[Lustre-devel] Async close RPC

Sat Mar 28 12:08:25 PDT 2009

Hello!

    It recently struck me as how unfair many file creation tests are  
to Lustre. The problem is only with tests because they portray Lustre
    creation rates lower than actual speed to be seen by application.  
(same goes for opens, btw).
    The problem is typical create-rate test does an open-close  
sequence in a loop. Now close is synchronous RPC on Lustre in majority  
of tests.
    By making close to be asynchronous we would make Lustre to appear  
more fast at creates by reducing all of that overhead. Of course no
    real application would benefit, because I am not aware of any  
where there is a tight open-close loop there. Real applications are
    opening some files at some point, then do i/o for some extended  
time and only then close would happen.

    I know in some of CMD cases this idea was considered, but did not  
pan out for some reason (I am not familiar with that implementation).

    Anyway I performed a test at ORNL Jaguar system running an  
application creating 10000 files (open-creat, with O_LOV_DELAY_CREATE  
flag to reduce
    OST influence, since we are working separately on addressing that)  
and then closing 10000 files, all in 2 timed loops. The app was run on  
a scale
    of 1 to 64 clients (in power of 2 increments).
    From the test it is easily observable that the closes easily bring  
in 50% penalty to overall creation rate.
    E.g. at a scale 1: 10k opens take 1.946946, 10k subsequent closes  
take 1.031471. (5136 real creates/sec vs 3357 "reported by usual test"  
creates sec)
         at a scale 8: 80k opens take 6.21 sec, 80k subsequent closes  
take 3.51 sec  (12800 real creates/sec vs 8230 "reported by usual  
test" creates sec).

    Now of course if we make closes completely asynchronous, they  
would still be competing for CPU at MDS with opens, inducing some  
penalty still, so
    for this type of test ideally we would like all closes to go to  
some separate portal with only one handling thread to minimize cpu  
consumption, but
    this is not really idea for real workloads, of course, the real  
impact here could be made by NRS, where opens from same job would get  
prioritized
    ahead of closes from the same job.

    Anyway, I am thinking it is good idea to implement async closes if  
only to make us look better (read - more realistic) in these tests,  
and for proper
    implementation to work we need to get rid of close sending  
serialization (since spawning a separate close thread for every close  
would be stupid).
    I think the close serialization is not needed anyway.

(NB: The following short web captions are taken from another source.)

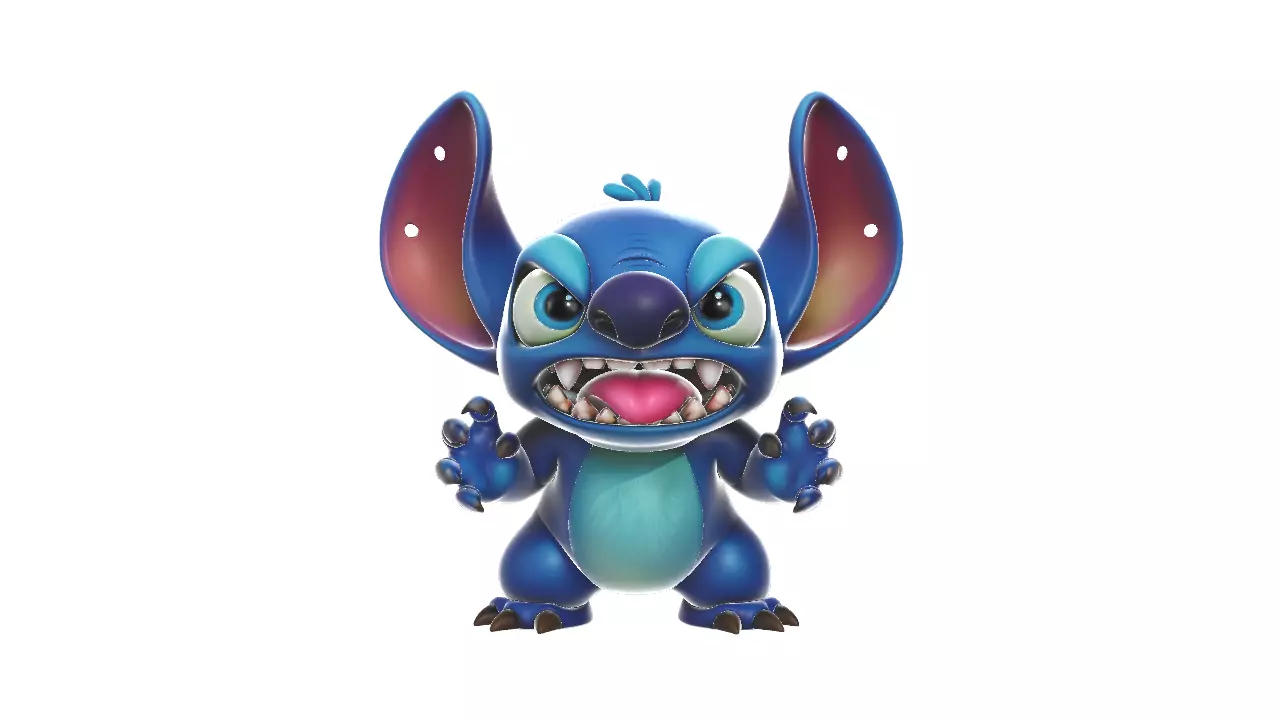 Cute Angry Stitch Figurine 3D print model_0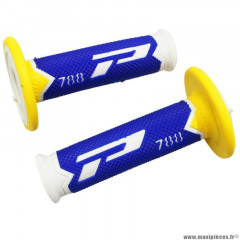 Revêtements poignées marque ProGrip off road 788 triple densite spécial edition blanc-bleu-jaune 115mm (cross-mx)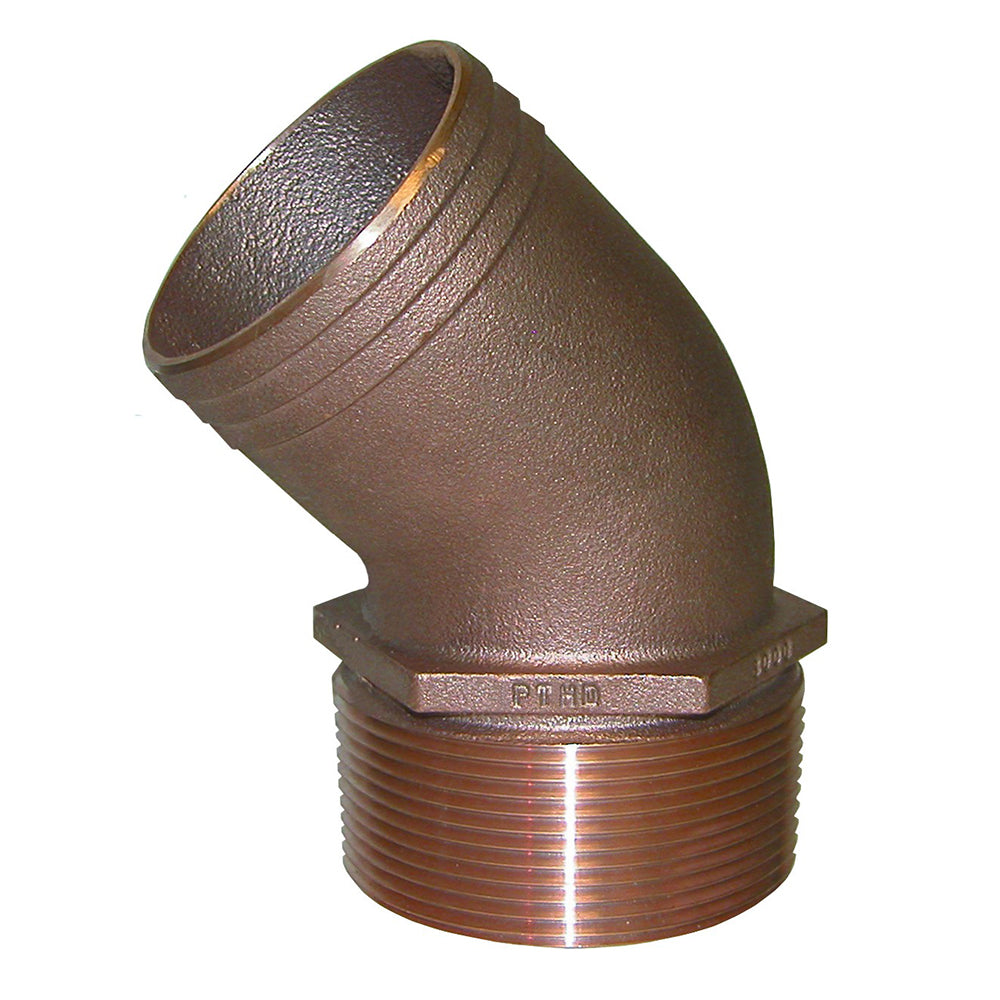 GROCO 3/4" NPT Bronze 45 Degree Pipe to 3/4" Hose [PTHD-750]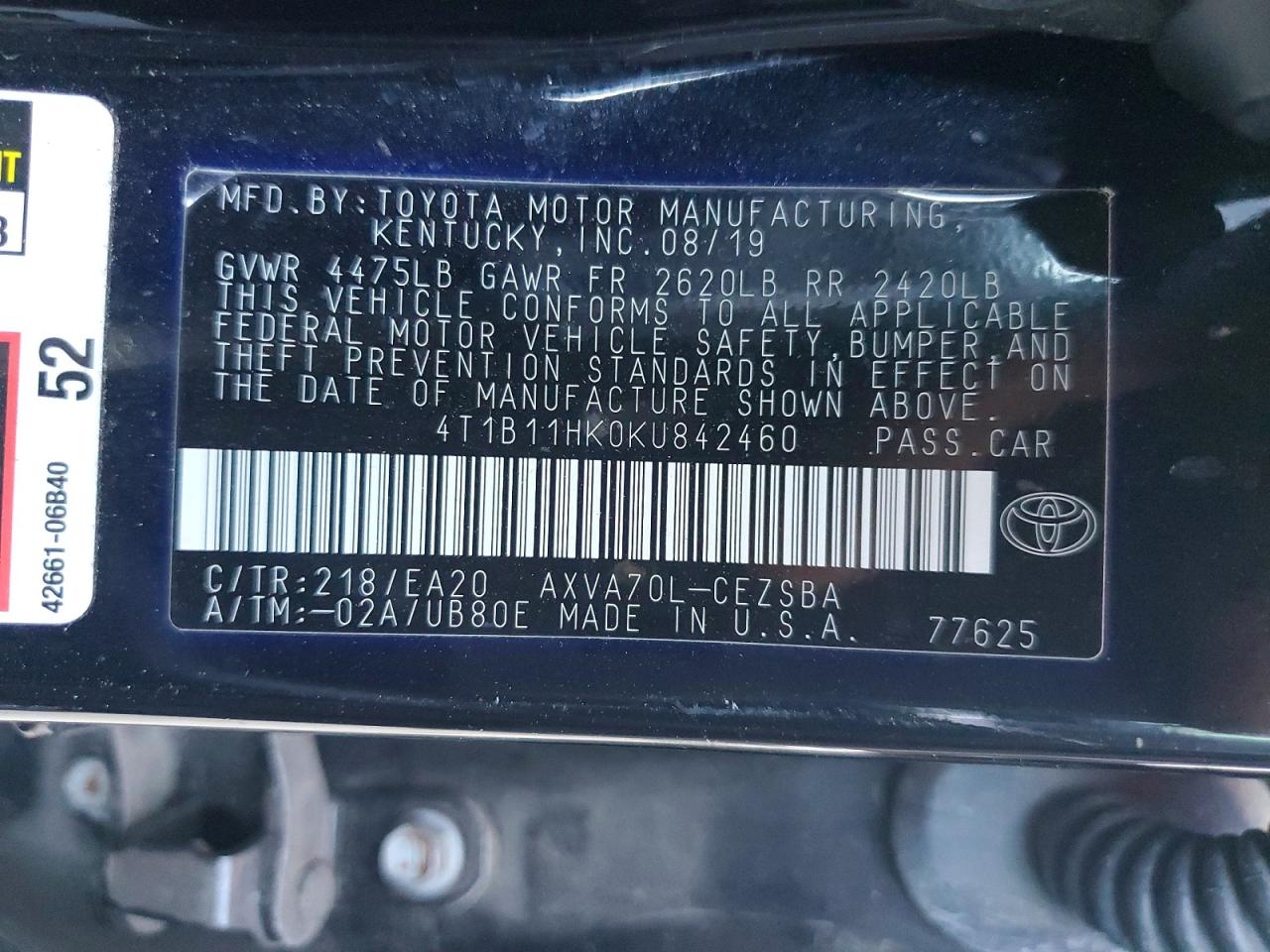 2019 TOYOTA CAMRY SE photo 13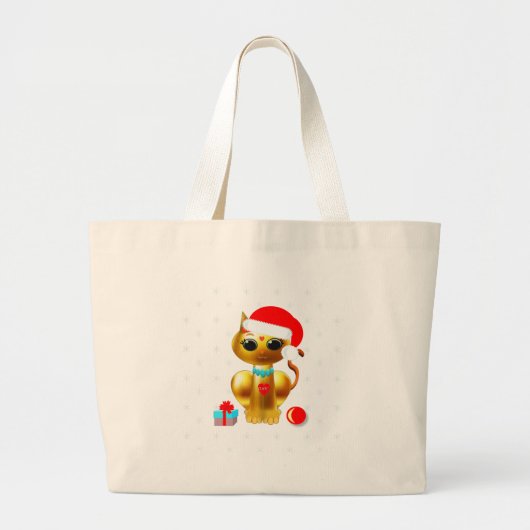 Kat-cartoon met kerstschattige gouden katjes grote tote bag (Voorkant)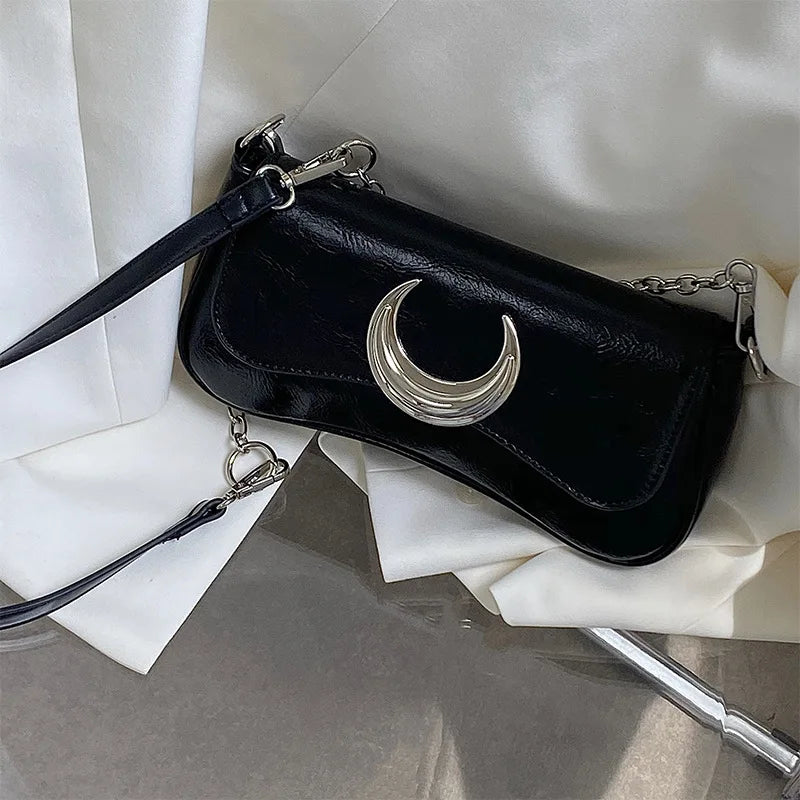 Moon Lock Shoulder Handbag Women Leather Underarm Bag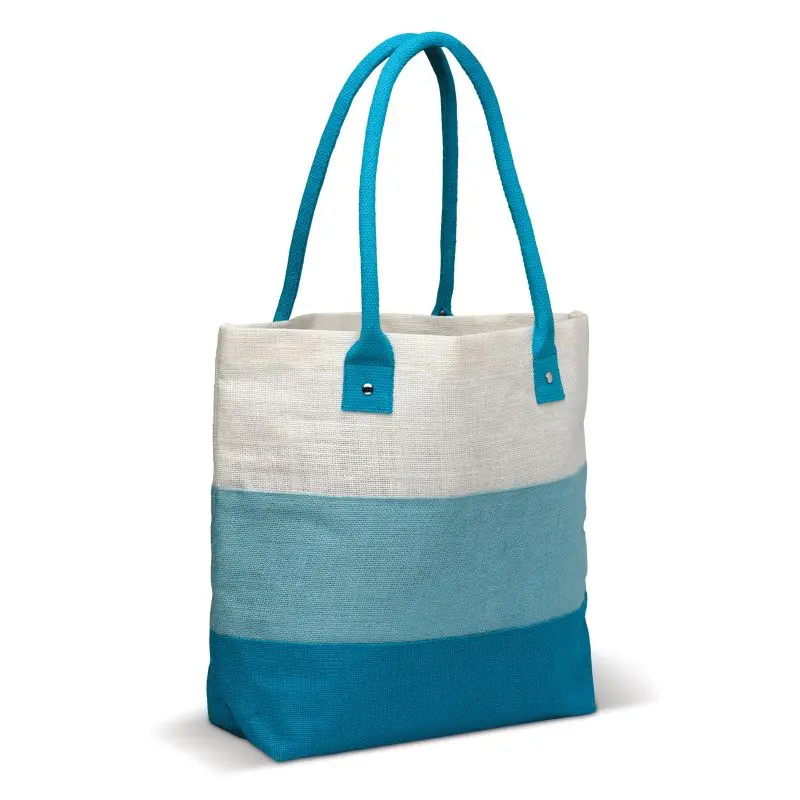 Robuste Jute-Strandtasche 340g/m² in Blau - Öko-Freundlich & Stabil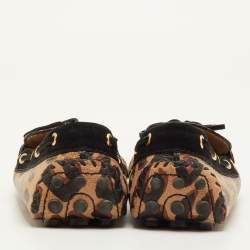 Pre Owned Louis Vuitton Beige/Black Leopard Print Leather and Suede Gloria Slip On Loafers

If the close  
reply was lost, it would be resent and we can just supress the  
resulting error
    seeing how resent close just tried to close nonexistent close  
handle. On recovery we care even less, there is nothing to close after  
server restart.
    (I am not sure what SOM implications that might have? But I  
suspect none - there is some extra state in mfd that could tell us if  
we already executed
    this close and we probably can reconstruct necessary reply state  
for resend from it, Vitaly?)

    Any comments or concerns from anyone?

Bye,
     Oleg